I was scraping a website for data on a company and so far what I get as final result is bunch of string items which were converted into list.
Code snippet:
for tr in tables.find_all("tr"):
for td in tr.find_all("td"):
lists = td.text.split('\n')
now if, I print this lists
with index and value using enumerate, I get 16 items as per the table scrapped which is correct if checked as per the website.
Result of print(lists)
using enumerate
:
Index Data
0 ['XYZ']
1 ['100DL20C201961']
2 ['Capital']
3 ['12345']
4 ['Age']
5 ['16 Years']
6 ['Text']
7 ['56789']
8 ['Company Status']
9 ['Active']
10 ['Last Date']
11 ['27-11-2021']
12 ['Class']
13 ['Public Company']
14 ['Date']
15 ['31-12-2021']
However what I want to achieve is saving these bunch of list items as csv or excel so that every even number is header for the column name and odd number is data for the row.
Question:
- Is pandas DataFrame needed for this?
- How to convert bunch of lists as above (or strings) into a '.csv' or '.xlsx' table
Summary of goal: - A (2 row x 8 columns) table in .csv or .xlsx format.

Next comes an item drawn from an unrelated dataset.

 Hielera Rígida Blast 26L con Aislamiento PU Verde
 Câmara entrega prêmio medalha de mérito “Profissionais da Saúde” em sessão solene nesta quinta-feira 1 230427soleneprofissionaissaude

CodePudding user response:
Try:
import pandas as pd
import requests
from bs4 import BeautifulSoup
URL = "https://www.instafinancials.com/company/mahan-energen-limited/U40100DL2005PLC201961"
page = requests.get(URL)
soup = BeautifulSoup(page.content, 'html.parser')
data = []
d = dict((row.select_one('td:nth-child(1)').get_text(),row.select_one('td:nth-child(2)').get_text()) for row in soup.select('#companyContentHolder_companyHighlightsContainer>table >tbody tr')[:8])
#print(d)
data.append(d)
df = pd.DataFrame(data).to_csv('out.csv',index=False)
#print(df)
Complete ResulSet
import pandas as pd
import requests
from bs4 import BeautifulSoup
URL = "https://www.instafinancials.com/company/mahan-energen-limited/U40100DL2005PLC201961"
page = requests.get(URL)
soup = BeautifulSoup(page.content, 'html.parser')
data = []
d = dict((row.select_one('td:nth-child(1)').get_text(),row.select_one('td:nth-child(2)').get_text()) for row in soup.select('#companyContentHolder_companyHighlightsContainer>table >tbody tr')[:8])
#print(d)
d.update(dict((row.select_one('td:nth-child(3)').get_text(),row.select_one('td:nth-child(4)').get_text()) for row in soup.select('#companyContentHolder_companyHighlightsContainer>table >tbody tr')[:8]))
data.append(d)
df = pd.DataFrame(data).to_csv('out2.csv',index=False)
#print(df)